ZTE has announced that they have come to a settlement with the U.S. over the Iran sanctions, of which they have been granted multiple extensions on the sanction relief over the course of the last year. According to ZTE, they have reached an agreement with both the U.S. Department of Justice and the OFAC, although the DOJ agreement is still pending approval from the U.S. District Court for the Northern District Court in Texas, while the OFAC agreement has already been approved. What this means for ZTE is that they have agreed to pay $892,360,064 as a criminal and civil penalty, but in addition to this amount, they have also agreed to another penalty in the amount of $300 million to BIS which BIS will hold in suspension over a term of seven years as long as ZTE continues to comply with the rest of the conditions during that time that are part of the agreement.
This news comes just a few days after ZTE was reportedly going to be pleading guilty over these criminal charges of violating the U.S. Iran sanctions. At the time it was also rumored that ZTE's fines would be in the hundreds of millions, although exact amounts weren't mentioned during this initial report a few days ago. A statement from ZTE's newly appointed Chairman Dr. Zhao Xianming includes an acknowledgement that ZTE made mistakes an that they're committed to working to correct them to move forward through "positive changes" in the company.

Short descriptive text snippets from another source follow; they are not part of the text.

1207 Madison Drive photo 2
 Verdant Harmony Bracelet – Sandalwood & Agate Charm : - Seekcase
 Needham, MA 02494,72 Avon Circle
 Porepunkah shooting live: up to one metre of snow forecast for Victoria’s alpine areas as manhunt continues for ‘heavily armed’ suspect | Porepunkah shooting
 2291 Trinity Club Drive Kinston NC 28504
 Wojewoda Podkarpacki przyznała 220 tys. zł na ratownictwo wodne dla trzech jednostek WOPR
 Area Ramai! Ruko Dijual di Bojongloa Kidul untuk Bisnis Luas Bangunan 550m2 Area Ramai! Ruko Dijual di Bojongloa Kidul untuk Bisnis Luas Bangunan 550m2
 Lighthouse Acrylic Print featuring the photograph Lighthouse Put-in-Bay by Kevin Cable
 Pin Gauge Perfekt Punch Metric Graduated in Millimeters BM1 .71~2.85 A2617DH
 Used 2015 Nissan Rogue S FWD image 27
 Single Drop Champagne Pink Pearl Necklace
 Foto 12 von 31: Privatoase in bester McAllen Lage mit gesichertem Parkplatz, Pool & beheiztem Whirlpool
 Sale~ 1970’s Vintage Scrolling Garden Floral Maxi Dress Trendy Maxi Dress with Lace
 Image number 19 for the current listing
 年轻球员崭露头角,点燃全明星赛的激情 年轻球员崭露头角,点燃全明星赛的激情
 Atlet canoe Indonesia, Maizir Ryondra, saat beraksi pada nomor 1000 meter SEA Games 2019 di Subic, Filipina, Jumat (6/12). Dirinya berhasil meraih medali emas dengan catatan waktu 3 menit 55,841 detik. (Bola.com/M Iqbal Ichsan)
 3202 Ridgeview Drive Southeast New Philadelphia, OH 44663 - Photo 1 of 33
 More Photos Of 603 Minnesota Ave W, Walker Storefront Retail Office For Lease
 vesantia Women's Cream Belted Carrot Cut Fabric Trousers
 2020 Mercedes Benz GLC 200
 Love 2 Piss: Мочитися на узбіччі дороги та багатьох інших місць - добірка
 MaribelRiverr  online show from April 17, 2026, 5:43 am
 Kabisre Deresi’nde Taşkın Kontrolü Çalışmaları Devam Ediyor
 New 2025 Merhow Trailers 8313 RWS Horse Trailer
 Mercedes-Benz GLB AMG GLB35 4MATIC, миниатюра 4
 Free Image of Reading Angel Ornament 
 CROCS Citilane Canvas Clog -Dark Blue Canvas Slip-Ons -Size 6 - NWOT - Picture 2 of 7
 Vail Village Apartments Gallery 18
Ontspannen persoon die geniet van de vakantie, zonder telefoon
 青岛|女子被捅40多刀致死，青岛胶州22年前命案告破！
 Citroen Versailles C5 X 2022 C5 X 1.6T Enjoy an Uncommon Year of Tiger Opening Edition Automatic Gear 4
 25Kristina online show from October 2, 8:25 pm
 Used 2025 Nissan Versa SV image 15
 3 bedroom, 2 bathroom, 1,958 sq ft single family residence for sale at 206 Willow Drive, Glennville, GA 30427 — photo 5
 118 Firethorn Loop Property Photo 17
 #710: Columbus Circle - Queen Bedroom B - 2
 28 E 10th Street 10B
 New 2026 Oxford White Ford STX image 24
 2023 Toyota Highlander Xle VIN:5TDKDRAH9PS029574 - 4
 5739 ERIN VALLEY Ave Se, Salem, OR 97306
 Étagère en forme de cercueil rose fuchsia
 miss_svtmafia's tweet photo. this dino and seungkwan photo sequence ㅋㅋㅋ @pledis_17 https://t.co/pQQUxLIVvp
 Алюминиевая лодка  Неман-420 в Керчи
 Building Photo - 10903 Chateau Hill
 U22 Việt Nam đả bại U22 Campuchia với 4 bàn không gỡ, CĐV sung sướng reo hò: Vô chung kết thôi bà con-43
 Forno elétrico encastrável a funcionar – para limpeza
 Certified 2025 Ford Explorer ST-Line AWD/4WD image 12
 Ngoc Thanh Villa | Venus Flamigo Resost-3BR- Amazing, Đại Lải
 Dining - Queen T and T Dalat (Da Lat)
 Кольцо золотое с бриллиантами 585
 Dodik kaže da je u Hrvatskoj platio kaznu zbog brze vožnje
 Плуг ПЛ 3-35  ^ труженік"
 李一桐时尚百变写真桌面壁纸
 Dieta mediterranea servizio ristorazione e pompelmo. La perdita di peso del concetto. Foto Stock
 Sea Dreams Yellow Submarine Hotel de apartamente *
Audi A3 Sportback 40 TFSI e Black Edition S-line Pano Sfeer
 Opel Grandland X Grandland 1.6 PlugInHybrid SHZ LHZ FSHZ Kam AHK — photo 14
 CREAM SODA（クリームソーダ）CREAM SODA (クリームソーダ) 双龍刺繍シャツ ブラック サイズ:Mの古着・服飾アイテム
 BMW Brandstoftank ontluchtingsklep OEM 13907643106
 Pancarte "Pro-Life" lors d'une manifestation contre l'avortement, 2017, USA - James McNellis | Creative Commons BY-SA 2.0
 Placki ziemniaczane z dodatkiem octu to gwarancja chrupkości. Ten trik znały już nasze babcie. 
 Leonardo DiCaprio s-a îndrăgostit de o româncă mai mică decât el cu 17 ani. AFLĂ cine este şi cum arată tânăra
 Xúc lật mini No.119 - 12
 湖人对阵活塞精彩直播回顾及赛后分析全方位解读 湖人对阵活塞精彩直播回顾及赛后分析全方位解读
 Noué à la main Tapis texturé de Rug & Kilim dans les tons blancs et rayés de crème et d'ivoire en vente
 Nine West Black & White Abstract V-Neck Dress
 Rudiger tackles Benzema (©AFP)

In addition to transitioning Xianming into the CEO role for the company, ZTE has also taken numerous other steps to initiate its reforms that will allow them to stay in line with the compliance program that has been created, including setting up a Compliance Committee that will be led by Xianming. The company has also created a new Export Control Compliance manual that is designed to provide the necessary information to employees on these regulations, and each employee will also have to agree to a Compliance Commitment on an annual basis. ZTE also states that they have so far trained over 45,000 different employees on the various export controls and sanction laws throughout 2016, and they will continue to issue more training throughout 2017.